***** LISTED ENTRIES *****
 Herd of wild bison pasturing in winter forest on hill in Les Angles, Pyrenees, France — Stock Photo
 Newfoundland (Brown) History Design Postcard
*****
***** LISTED ENTRIES *****
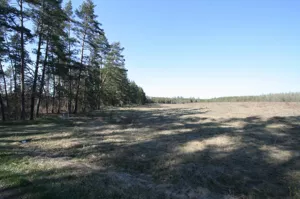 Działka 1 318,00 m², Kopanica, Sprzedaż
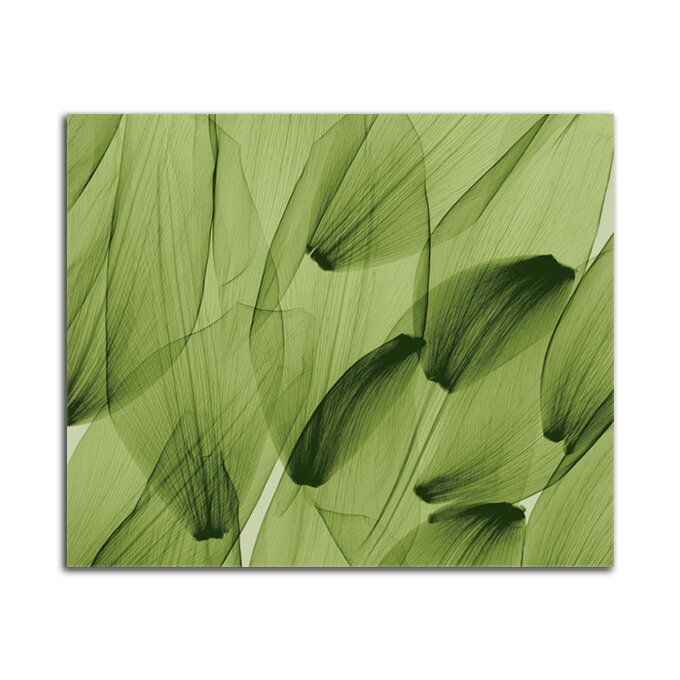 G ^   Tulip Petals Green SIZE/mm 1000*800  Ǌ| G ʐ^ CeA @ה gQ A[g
*****
EXERCISE DETAILS -
For the lines above, output exactly those from the line containing "Herd of wild" through the line containing "Newfoundland (Brown) History Design Postcard", and skip the others.

REPLY TO THE EXERCISE -
 Herd of wild bison pasturing in winter forest on hill in Les Angles, Pyrenees, France — Stock Photo
 Newfoundland (Brown) History Design Postcard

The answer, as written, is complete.